In ogni caso, il film parla almeno in parte di noi; del fatto che esistono, nel nostro immaginario, topos e immagini che abbiamo assorbito e continuiamo ad assorbire a livello subliminale, ininterrottamente, per il solo fatto di esistere nell’era dell’immagine in movimento. Nell’opera non si può non notare un occhio ironico decisamente influenzato dalle forme dell’umorismo internettiano contemporaneo – il meme, per il carattere decontestualizzato delle scene; lo YouTube poop nei rewind-&-replay “all’infinito” e nel surrealismo degli accostamenti – ma c’è anche un po’ di “Blob” di Enrico Ghezzi nel proposito sociologico dell’operazione e nell’acume di molte delle associazioni, frutto di un corposo lavoro di ricerca e visionamento di decine di titoli internazionali.
C’è spazio anche per due esempi di cinema narrativo da sala.
“Sob A Chama Da Candeia“, l’ottavo del portoghese André Gil Mata, incanta da subito con un apparato visivo sfacciatamente “bello”, con composizioni equilibrate, geometriche ma morbide, e una palette particolarissima: verde menta, rosa antico, colori pastello da casa di bambole. Il regista sottolinea il significato topico di alcune scene – tutte ambientate nelle stanze della grande villa in cui hanno sempre vissuto le due anziane protagoniste Alzira e Beatriz, signora e serva – esasperando proprio quest’equilibrio compositivo fino a renderlo soffocante. Mentre apprendiamo la storia di Alzira giovane tra continui salti temporali, nella sequenza del suo fidanzamento – preludio a una vita senza amore, ripetitiva, a un’unione di solitudine – l’armonia degli spazi diventa opprimente, nel salottino simmetrico in cui lui chiede la mano di lei alla madre (impossibile non pensare a Wes Anderson). E, quando vediamo per la prima volta Alzira bambina mentre gioca con un ratto domestico, la composizione sconfina nel tableaux vivent, o in un’illustrazione da libro di fiabe, come un quadro dalla cui cornice non si può scappare.

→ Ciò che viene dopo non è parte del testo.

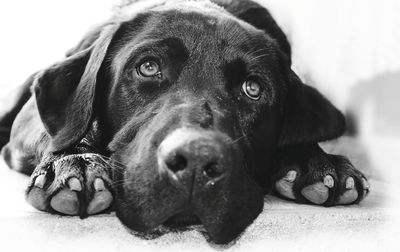 Close-up portrait of black dog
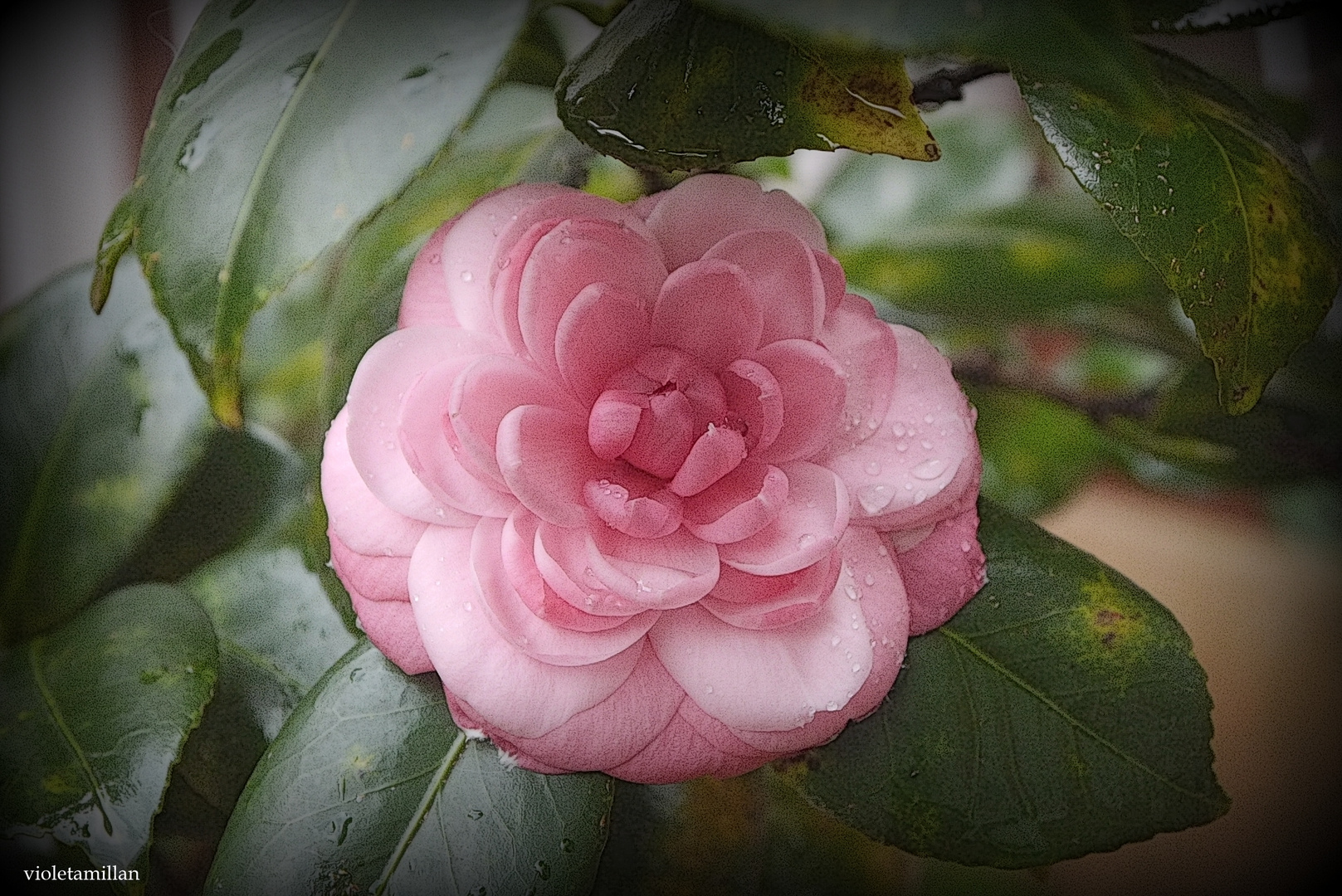 LA PRIMER CAMELIA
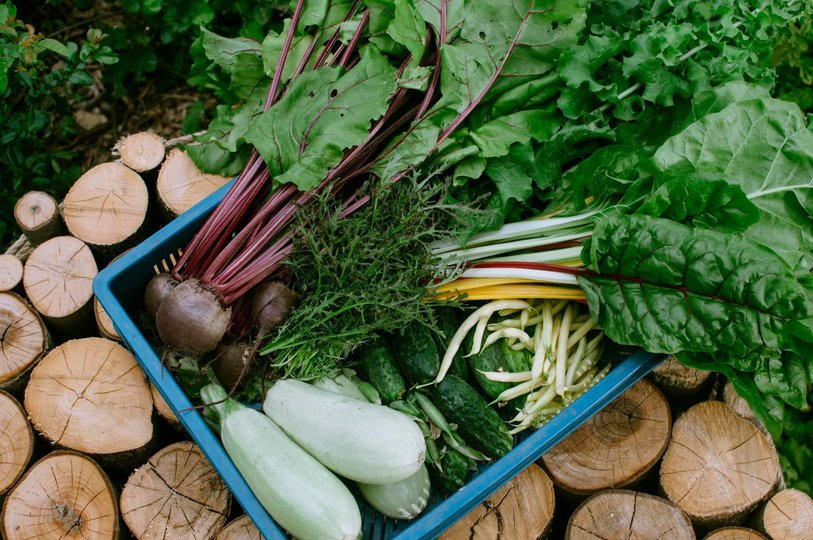 Гарденотерапія від війни. Про екопростір «Розсадник» у Львові 17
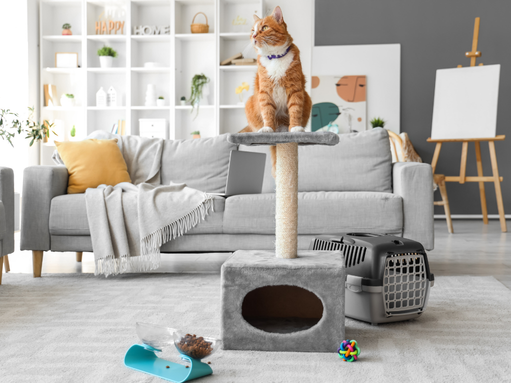 Indoor cat welfare
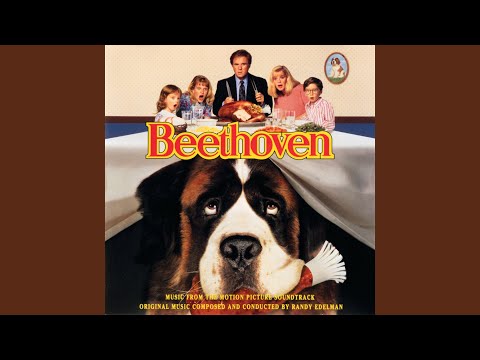 download lagu mp3 mp4 Paul Shaffer Roll Over Beethoven, download lagu Paul Shaffer Roll Over Beethoven gratis, unduh video klip Paul Shaffer Roll Over Beethoven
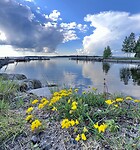 IMG_5267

Il ritmo del film è quello dei tempi umani, con long take flemmatici che ci restituiscono un senso stagnante di vita ripetitiva. Non c’è musica extra-diegetica; nella grande villa regna il silenzio, reale ed esistenziale (da giovani, né l’una né l’altra protagonista hanno voce in capitolo sul proprio futuro; ai giorni nostri, ormai anziane, è come se fossero fiaccate da una vita di non-detti), interrotto bruscamente da alcuni momenti assordanti di furia violenta, su cui la cinepresa indugia senza fretta, senza risparmiarci nulla, mantenendo i tempi dell’azione reale. Quando Beatriz bambina si accanisce su una gabbia di uccellini, un’inquadratura eloquente ci mostra lei “dietro le sbarre”: una prigione, quella del suo destino di immobilità sociale (e geografica). Ma ogni sfogo, nella grande villa con giardino, cade nel vuoto.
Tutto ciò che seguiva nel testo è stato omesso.